Just because Dracula means “Son of the Dragon” doesn’t mean there literally actually needs to be a dragon. Dragon blood – or rather, the parasites that live in dragon blood – are the cause of vampirism in humans in this book, which on one level is pretty cool and reminiscent of Guillermo Del Toro’s The Strain, but on the other level… nooooo what are you doing?? Why do you need to take a figurative title literally? It felt a bit like dumbing down, or spelling something out that didn’t need to be spelt out.
I was hoping we were going to play with religion and explore Bram/Wilde’s takes on this, especially as Stoker uses his novel Dracula and other stories to defend Roman Catholicism, but instead we had a twist that saw the “portal to hell” (at Stonehenge) becoming a portal into another realm, another dimension, where dragons live and strange powers originate, and, it was hinted, Jesus may have come from.
Ingenious twist, yes, but I did eye-roll a bit at that too. it just felt a bit like the authors wanted to avoid Stoker’s own faith issues (not to mention Wilde’s complicated relationship with faith and religion, culminating in his deathbed conversion to Roman Catholicism) by erasing it via an atheist soft Sci-Fi insertion, which was a shame, because they had really tried to write in the voices of these men and worked to weave most of their real-life elements into the plot. That they didn’t take up this challenge – although perhaps they do in the sequel – was a bit of a let-down.

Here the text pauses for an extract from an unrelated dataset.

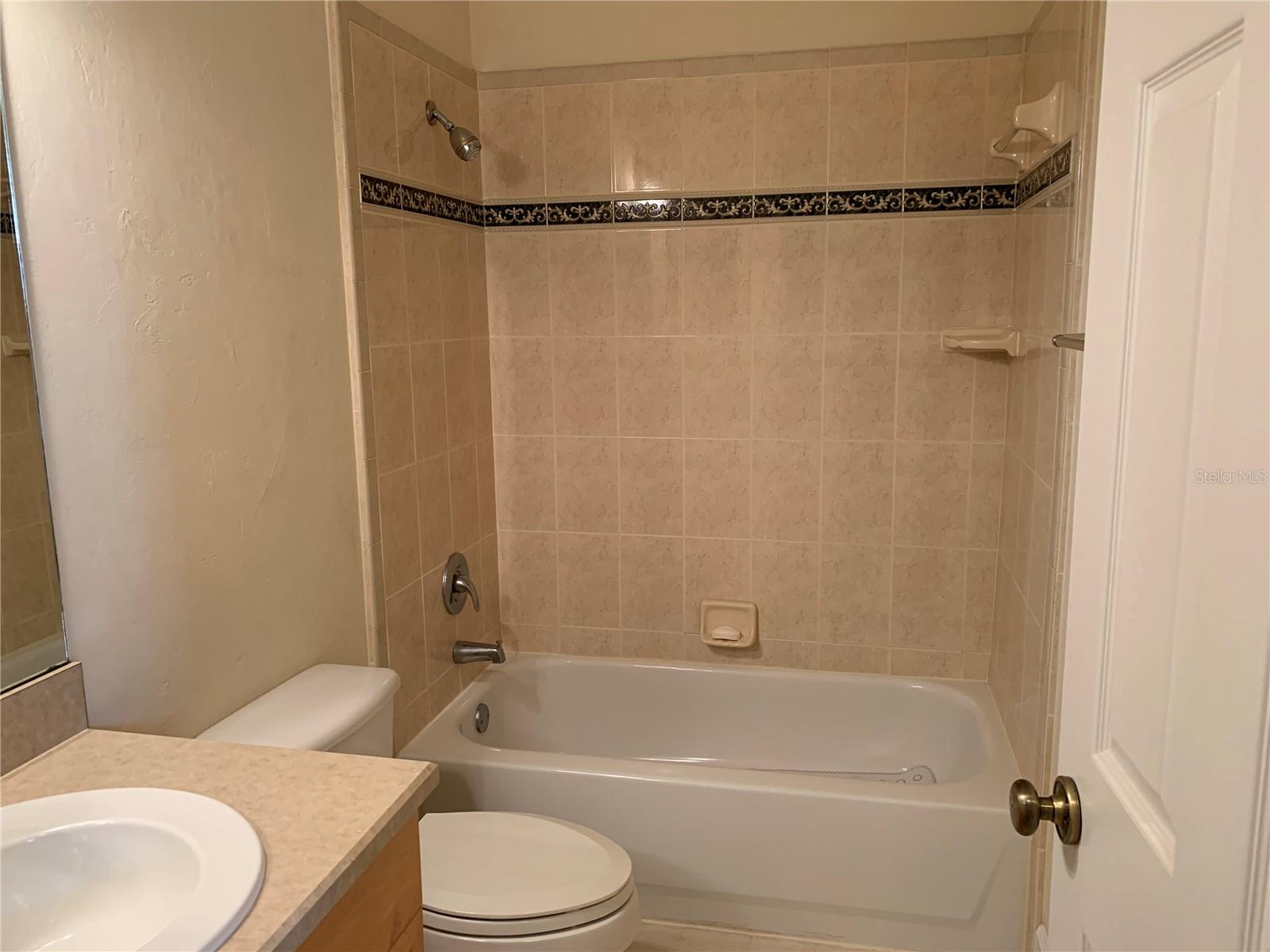 Image 33 of 39 For 187 129th Terrace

[I’m not Roman Catholic and don’t really have a dog in this fight, it’s just something I thought would be fairly important to tackle… rather than just suggest “oh, yeah, everything probably comes from another world á la Stargate”.]
Those were my biggest gripes, because they threw me out of the book somewhat.
HOWEVER – the conclusion was satisfying (I felt the novel could have ended a bit sooner after the climax, it got a bit Peter Jackson LotR Part 3 for a while), the characters and the originality of the plot line have stayed with me, and I appreciated the amount of research the authors did. The odd-couple dynamic of Stoker and Wilde is rightly praised by other reviewers and is the driving force of the book, although as I said previously the dip in (especially) the Wildean humour in the middle detracts from the book’s verve somewhat.
I’m not quite invested enough to read the sequel, which takes Stoker & Wilde to America (of course), but I wouldn’t rule it out.